> _WORKING DATA_

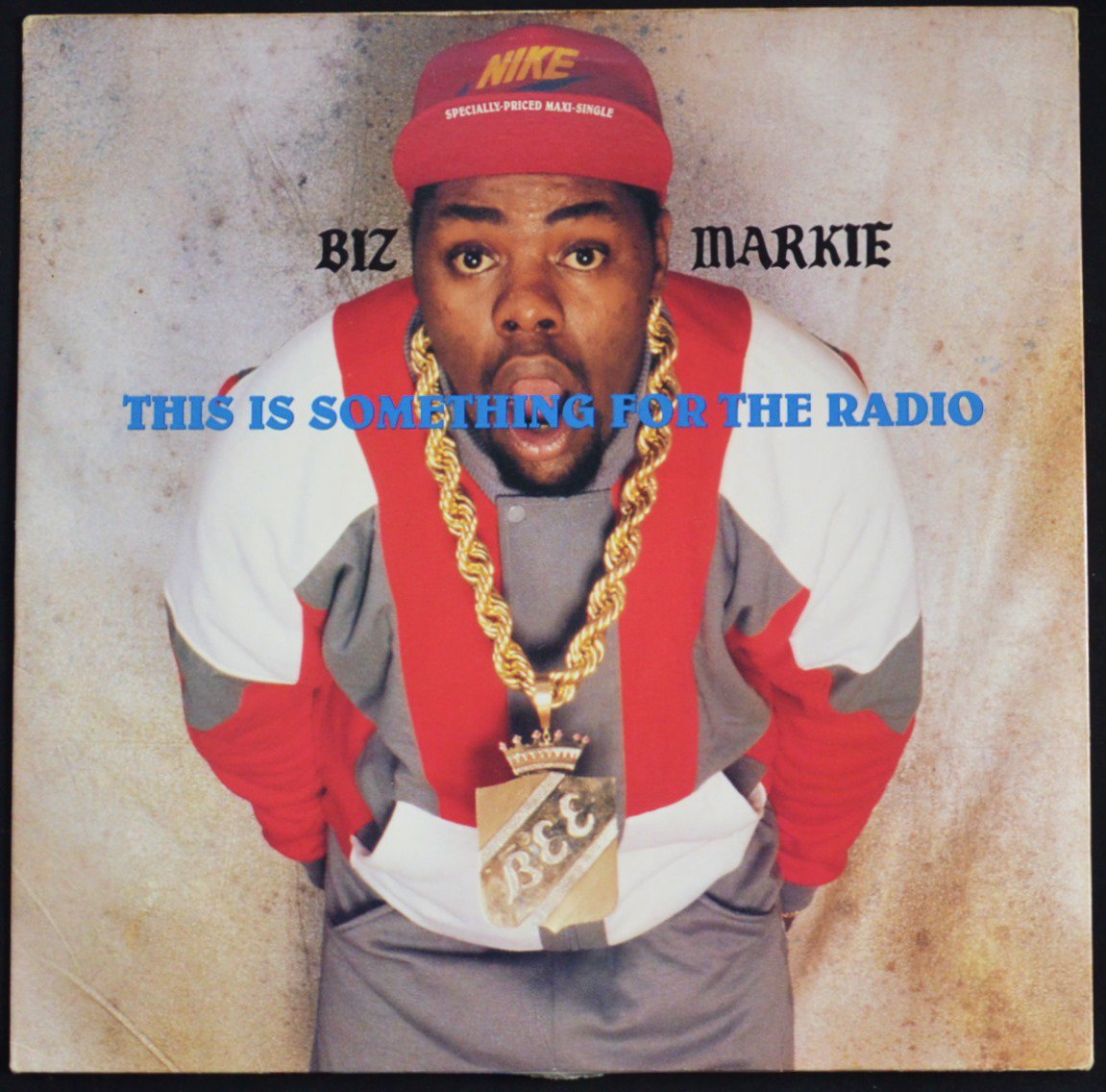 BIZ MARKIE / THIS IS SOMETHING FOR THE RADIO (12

==

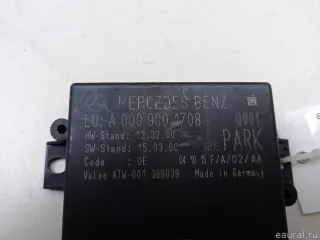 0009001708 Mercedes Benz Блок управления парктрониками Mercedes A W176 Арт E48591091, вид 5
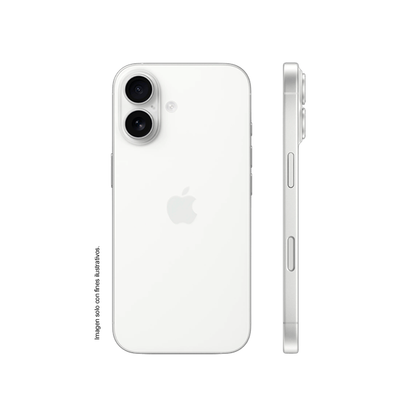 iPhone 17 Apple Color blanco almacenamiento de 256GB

--

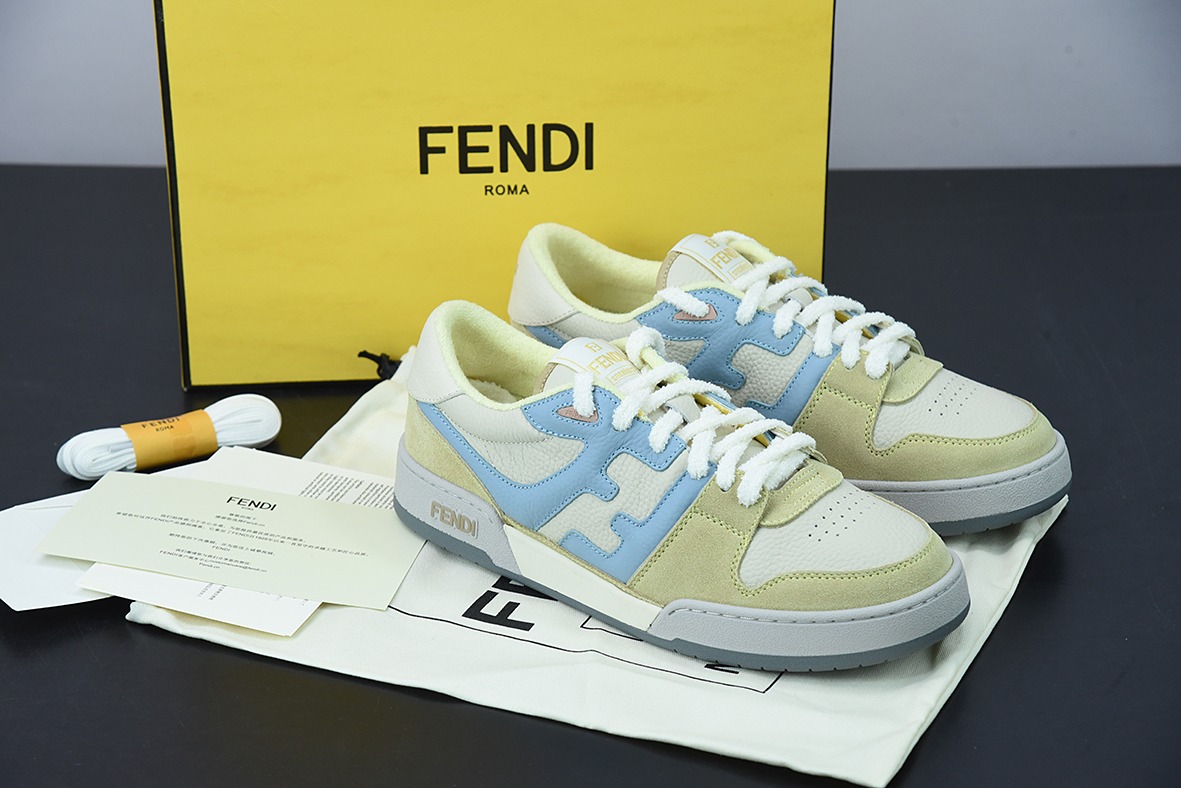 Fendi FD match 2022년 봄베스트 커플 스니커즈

> _TASK INSTRUCTIONS_
In the listing above, find the line containing "0009001708 Mercedes Benz" and the line containing "iPhone 17 Apple", then output those two lines and everything between them exactly as written, without the images.

> _WRITTEN RESPONSE_
 0009001708 Mercedes Benz Блок управления парктрониками Mercedes A W176 Арт E48591091, вид 5
 iPhone 17 Apple Color blanco almacenamiento de 256GB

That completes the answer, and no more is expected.